The exercise was prompted by the ‘devolution deals’ around England being conducted by the government and what it might imply for the future of decentralisation, devolution and democracy in our society. In the mix also was the growing evidence of the public’s distrust in and distancing from politics as currently practised in Westminster in particular; and a view that devolution could help economic growth in England outside London and the South East, for instance.

For example: Assembly North considered questions surrounding geographic scale of devolution; various options in terms of governance of English regions; powers and policy areas that should be located at regional level; what consistency was shown between views on the above and a wider range of constitutional reforms; and whether the ‘devo deal’ (Sheffield City Region) on offer should be accepted or rejected in favour of negotiating a better deal.

Reports are available at: The website includes resources used with and by the assemblies’ members in the stages of their learning, consultation and deliberation. is the reference to download the full research report: Democracy Matters, Lessons from the 2015 Citizens’ Assemblies on English Devolution. The formal launch of the report in Westminster took place on 13 April 2016 in the presence of MPs of all political parties and some of the Assemblies’ members.

Below are extracts from an article on the Constitution Unit website about a presentation on the project given by Prof Alan Renwick and Katie Ghose:

….Two models of citizens’ assemblies were tested: Assembly North, based in Sheffield, was a ‘pure’ citizen assembly (drawing on the Canadian model) comprising 32 members of the public; Assembly South, based in Southampton, was a ‘mixed’ assembly (drawing on the Irish model) comprising 23 ordinary citizens and six local councillors.
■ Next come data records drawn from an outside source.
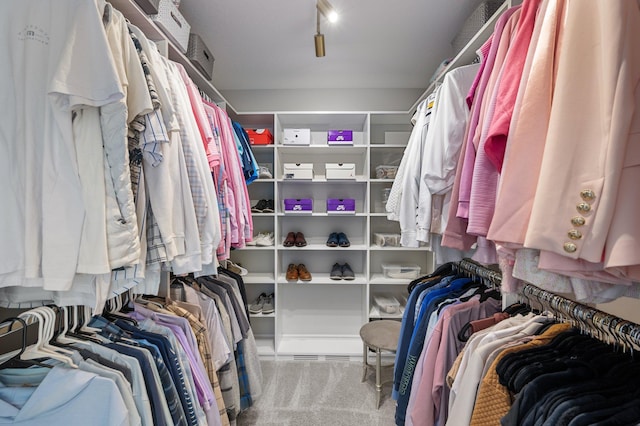 view of spacious closet
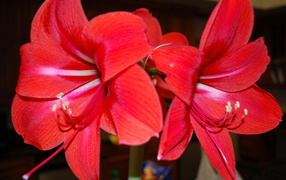 Красные цветы амариллис 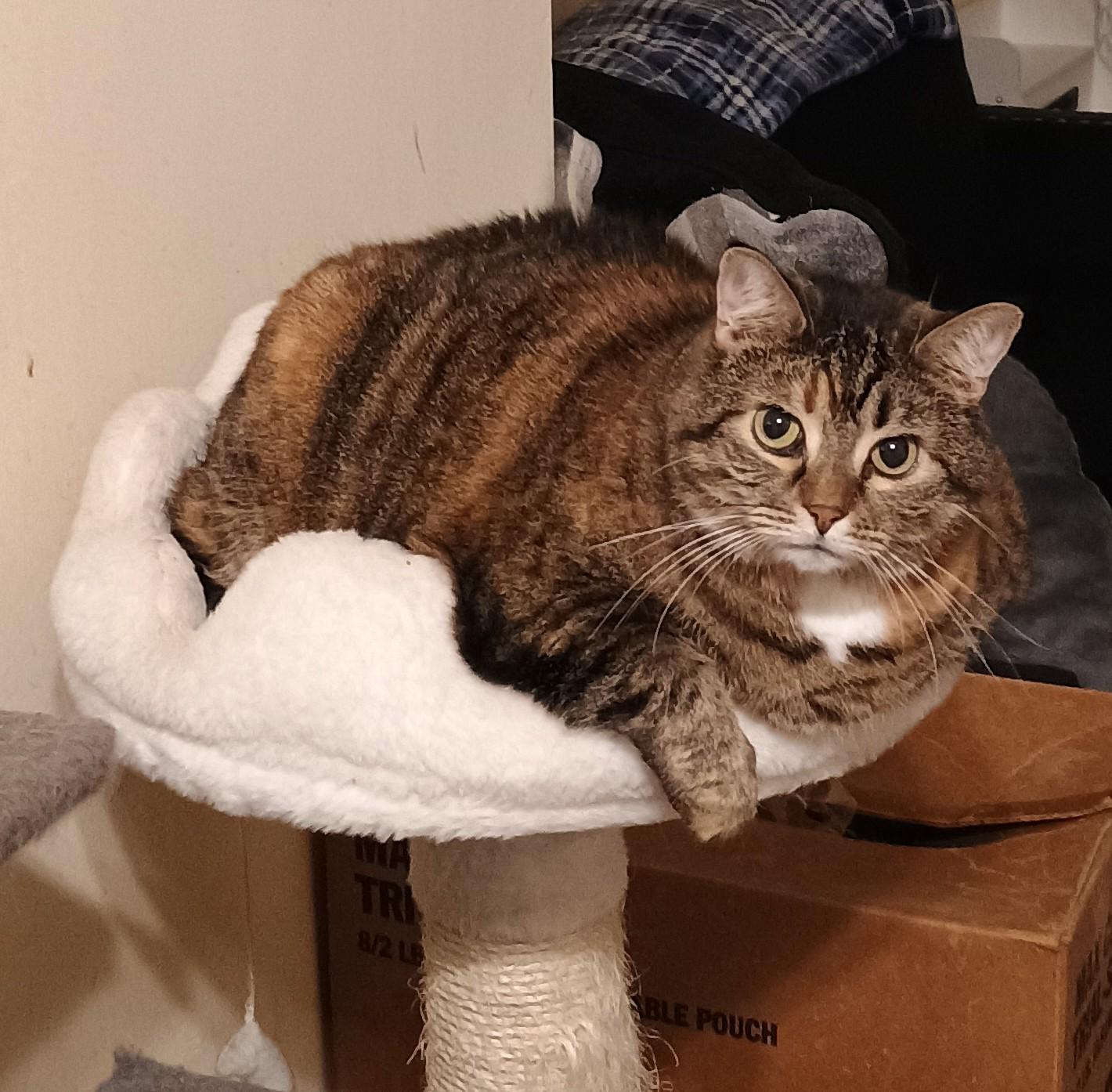 Tigress - shy & loving, ADOPTABLE, Senior Female Domestic Short Hair.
….Some politicians are sceptical about ordinary citizens’ ability to engage in high-quality deliberation, but the evidence from the assembly pilot points to the contrary: regular citizens are capable of building up great understanding of a complex issue, carefully weighing the strengths and weaknesses of different options, and coming to coherent, grounded conclusions.

….The project demonstrated the public’s appetite for deliberative democracy, highlighted in the high retention rate among citizens’ assembly members. Once participants became  invested in the process, they wanted to return.

Go to: for the full article.

Gathering together this impression of a number of current democracy and devolution initiatives, in the knowledge that there are also others that could be cited, should be regarded as encouraging not confusing. I don’t think it matters that they’re coming from a variety of starting points. That is a strength and what is also a strength is that they are focussed on us the citizens and the ideas and opinions we want to put forward, listen to, learn about, deliberate and decide upon with open and realistic attitudes coming from lived experience and not clouded by a  culture of political deceit and distrust.